* **WORK REQUEST**
Your response to the data below should hold nothing except the lines from the one containing "Navigating through sea ice" down to the one containing "Sandales Huarache Chaussures", reproduced exactly and without pictures.

* **INPUT DATA**

—————

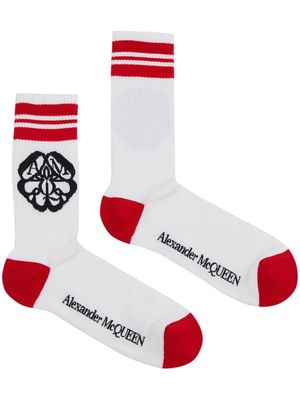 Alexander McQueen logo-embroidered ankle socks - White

—————

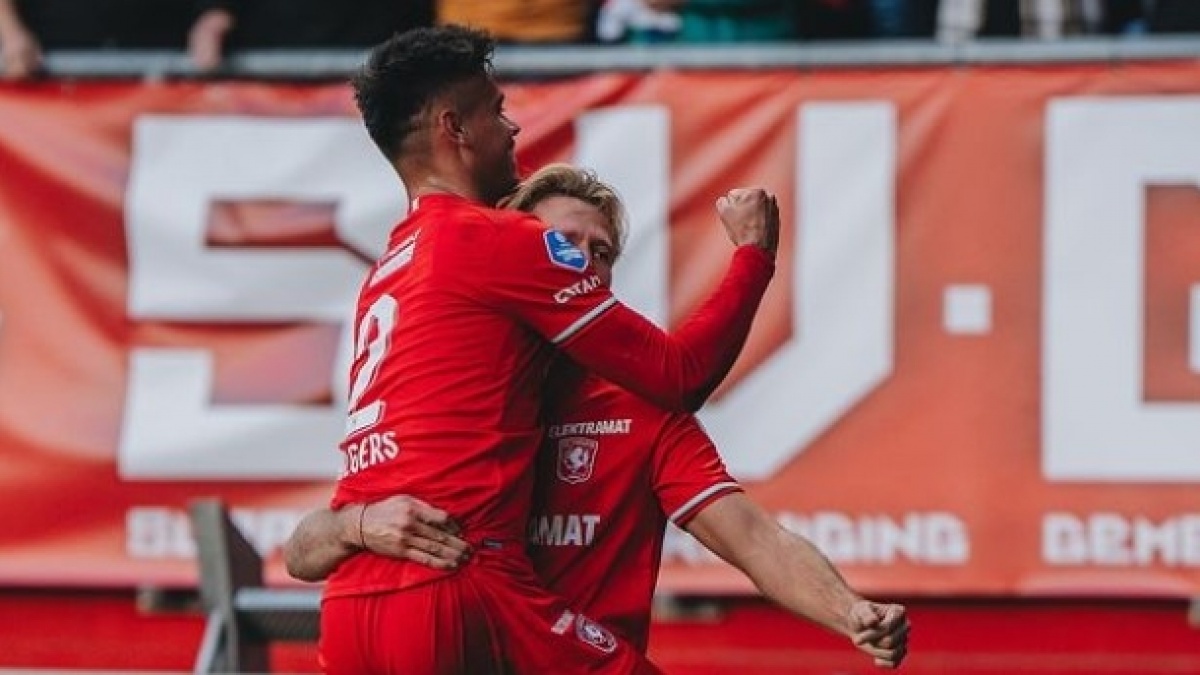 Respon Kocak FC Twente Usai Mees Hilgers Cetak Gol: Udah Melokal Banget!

—————

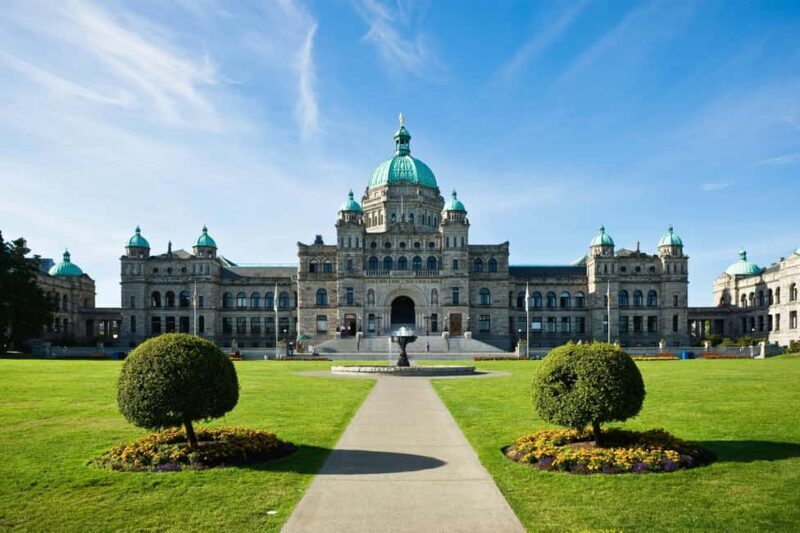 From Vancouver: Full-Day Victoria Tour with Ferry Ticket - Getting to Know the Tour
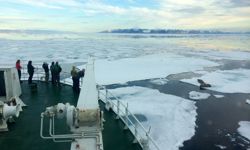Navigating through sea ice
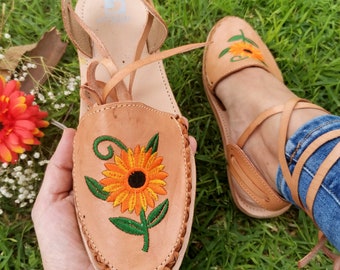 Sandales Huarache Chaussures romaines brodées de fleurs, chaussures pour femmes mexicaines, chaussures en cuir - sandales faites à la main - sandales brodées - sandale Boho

—————

* **ANSWER SPACE**
Navigating through sea ice
 Sandales Huarache Chaussures romaines brodées de fleurs, chaussures pour femmes mexicaines, chaussures en cuir - sandales faites à la main - sandales brodées - sandale Boho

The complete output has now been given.